───── PROVIDED ENTRIES ─────

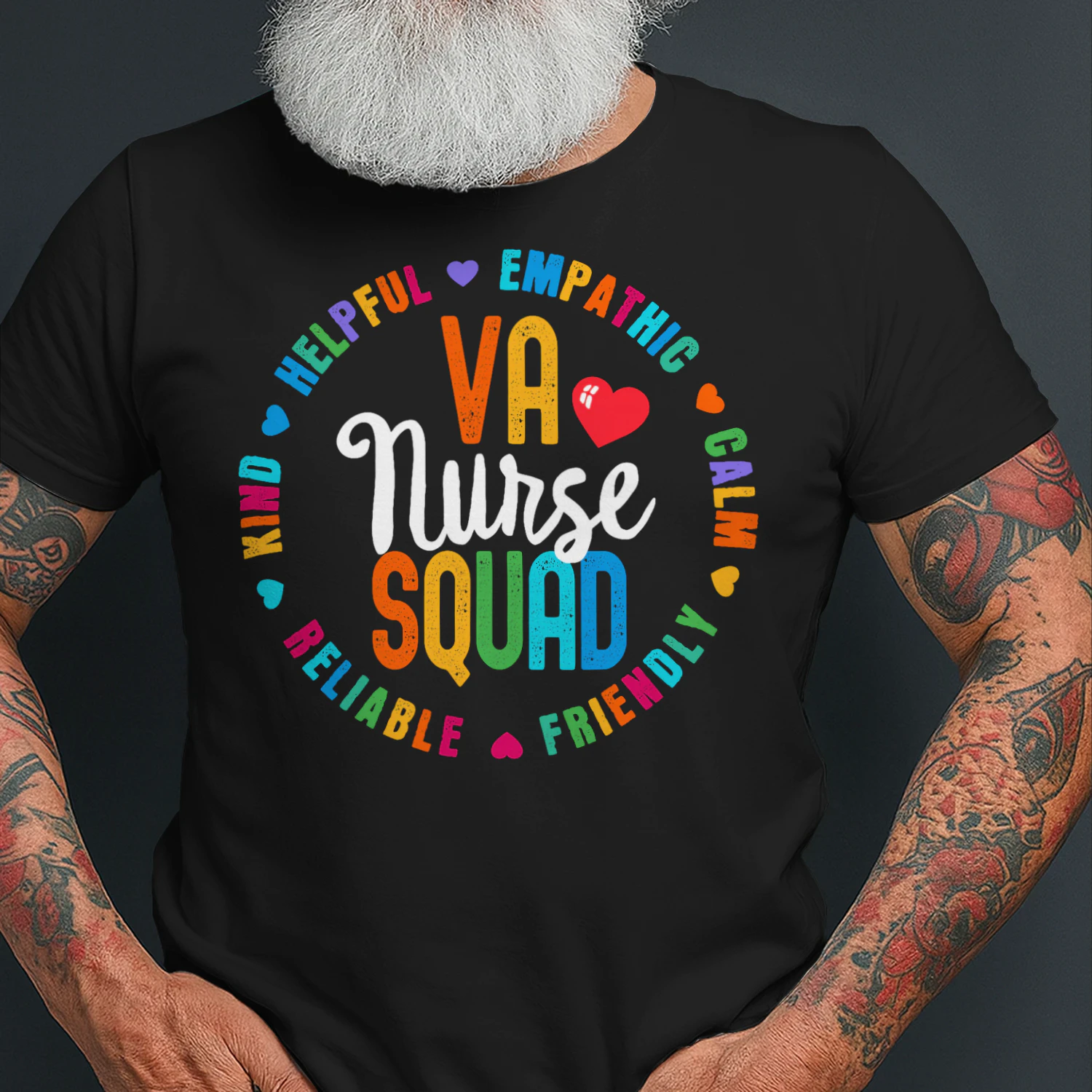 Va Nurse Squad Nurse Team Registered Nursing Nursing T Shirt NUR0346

─────
───── PROVIDED ENTRIES ─────

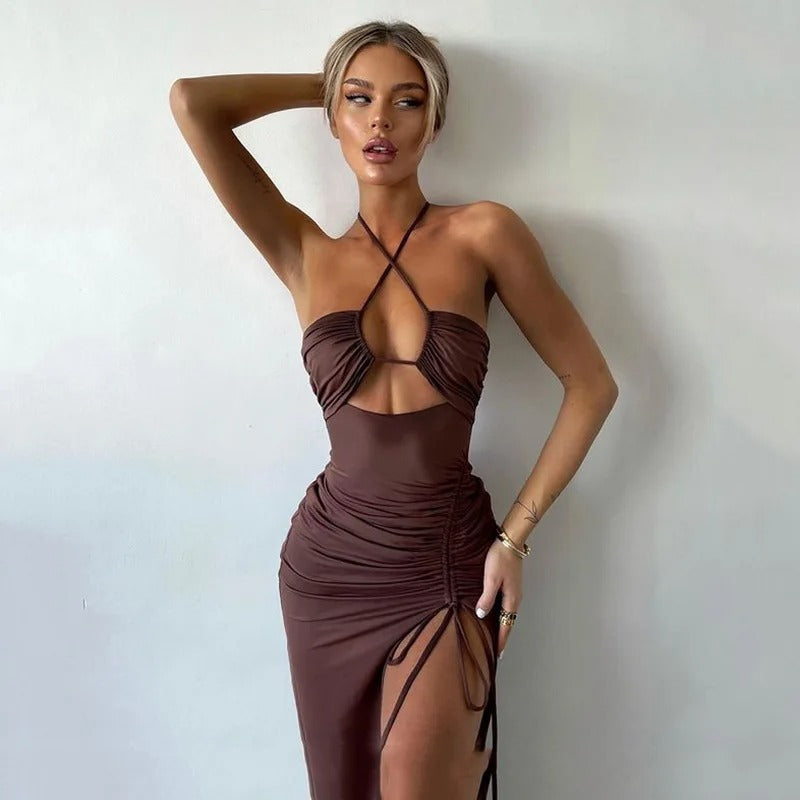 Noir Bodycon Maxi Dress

─────
───── PROVIDED ENTRIES ─────

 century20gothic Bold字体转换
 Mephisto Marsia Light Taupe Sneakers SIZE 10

─────

#### REQUIRED ACTION
All that belongs in your answer is the stretch of entries above from the line with "century20gothic Bold字体转换" through the line with "Mephisto Marsia Light Taupe Sneakers SIZE 10", printed exactly.

#### TASK RESULT
 century20gothic Bold字体转换
 Mephisto Marsia Light Taupe Sneakers SIZE 10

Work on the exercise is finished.